In what form does Jesus conceive the resurrection, which He promises to His disciples, to be combined with the coming on the clouds of heaven, to which He points His judge? In what relation do these predictions stand to the prospect held out at the time of the sending forth of the Twelve, but not realized, of the immediate appearance of the Son of Man?

What is the meaning of the further prediction on the way to Gethsemane (Mark xiv. 28) that after His resurrection He will go before the disciples into Galilee? How is the other version of this saying (Mark xvi. 7) to be explained, according to which it means, as spoken by the angel, that the disciples are to journey to Galilee to have their first meeting with the risen Jesus there, whereas, on the lips of Jesus, it betokened that, just as now as a sufferer He was going before them from Galilee to Jerusalem, so, after His resurrection, He would go before them from Jerusalem to Galilee? And what was to happen there?

These problems were covered up by the naturalistic psychology as by a light snow-drift. The snow has melted, and they now stand out from the narratives like black points of rock. It is no longer allowable to avoid these questions, or to solve them, each by itself, by softening them down and giving them an interpretation by which the reported facts acquire a quite different significance from that which they bear for the Evangelist. Either the Marcan text as it stands is historical, and therefore to be retained, or it is not, and then it should be given up. What is really unhistorical is any softening down of the wording, and the meaning which it naturally bears.

The sceptical and eschatological schools, however, go still farther in company. If the connexion in Mark is really no connexion, it is important to try to discover whether any principle can be discovered in this want of connexion. Can any order be brought into the chaos? To this the answer is in the affirmative.

The complete want of connexion, with all its self-contradictions, is ultimately due to the fact that two representations of the life of [pg 335] Jesus, or, to speak more accurately, of His public ministry, are here crushed into one; a natural and a deliberately supernatural representation. A dogmatic element has intruded itself into the description of this Life—something which has no concern with the events which form the outward course of that Life. This dogmatic element is the Messianic secret of Jesus and all the secrets and concealments which go along with it.

Hence the irrational and self-contradictory features of the presentation of Jesus, out of which a rational psychology can make only something which is unhistorical and does violence to the text, since it must necessarily get rid of the constant want of connexion and self-contradiction which belongs to the essence of the narrative, and portray a Jesus who was the Messiah, not one who at once was and was not Messiah, as the Evangelist depicts Him.

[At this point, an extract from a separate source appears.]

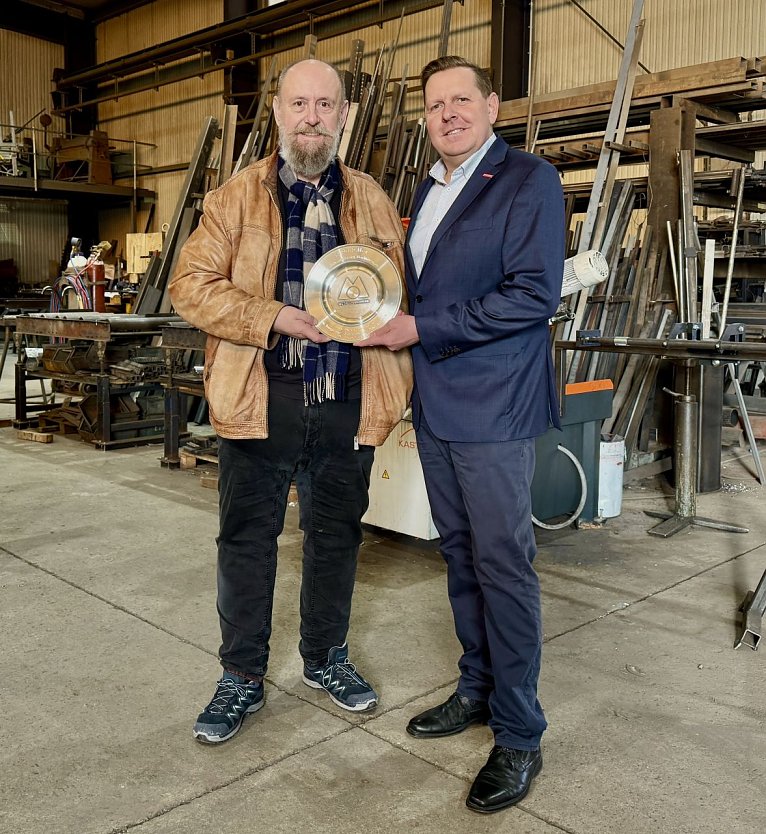 v.l.: Obermeister Ronald Wienbreyer und Marc Weinrich (Foto: Kreishandwerkerschaft) v.l.: Obermeister Ronald Wienbreyer und Marc Weinrich (Foto: Kreishandwerkerschaft)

When rational psychology conceives Him as one who was Messiah, but not in the sense expected by the people, that is a concession to the self-contradictions of the Marcan representation; which, however, does justice neither to the text nor to the history which it records, since the Gospel does not contain the faintest hint that the contradiction was of this nature.

Up to this point—up to the complete reconstruction of the system which runs through the disconnectedness, and the tracing back of the dogmatic element to the Messianic secret—there extends a close agreement between thoroughgoing scepticism and thoroughgoing eschatology. The critical arguments are identical, the construction is analogous and based on the same principle. The defenders of the modern psychological view cannot, therefore, play off one school against the other, as one of them proposed to do, but must deal with them both at once. They differ only when they explain whence the system that runs through the disconnectedness comes. Here the ways divide, as Bauer saw long ago. The inconsistency between the public life of Jesus and His Messianic claim lies either in the nature of the Jewish Messianic conception, or in the representation of the Evangelist. There is, on the one hand, the eschatological solution, which at one stroke raises the Marcan account as it stands, with all its disconnectedness and inconsistencies, into genuine history; and there is, on the other hand, the literary solution, which regards the incongruous dogmatic element as interpolated by the earliest Evangelist into the tradition and therefore strikes out the Messianic claim altogether from the historical Life of Jesus. Tertium non datur.

But in some respects it really hardly matters which of the two “solutions” one adopts. They are both merely wooden towers erected upon the solid main building of the consentient critical induction which offers the enigmas detailed above to modern historical theology. It is interesting in this connexion that Wrede's [pg 336] scepticism is just as constructive as the eschatological outline of the Life of Jesus in the “Sketch.”

Bruno Bauer chose the literary solution because he thought that we had no evidence for an eschatological expectation existing in the time of Christ. Wrede, though he follows Johannes Weiss in assuming the existence of a Jewish eschatological Messianic expectation, finds in the Gospel only the Christian conception of the Messiah. “If Jesus,” he thinks, “really knew Himself to be the Messiah and designated Himself as such, the genuine tradition is so closely interwoven with later accretions that it is not easy to recognise it.” In any case, Jesus cannot, according to Wrede, have spoken of His Messianic Coming in the way which the Synoptists report. The Messiahship of Jesus, as we find it in the Gospels, is a product of Early Christian theology correcting history according to its own conceptions.

It is therefore necessary to distinguish in Mark between the reported events which constitute the outward course of the history of Jesus, and the dogmatic idea which claims to lay down the lines of its inward course. The principle of division is found in the contradictions.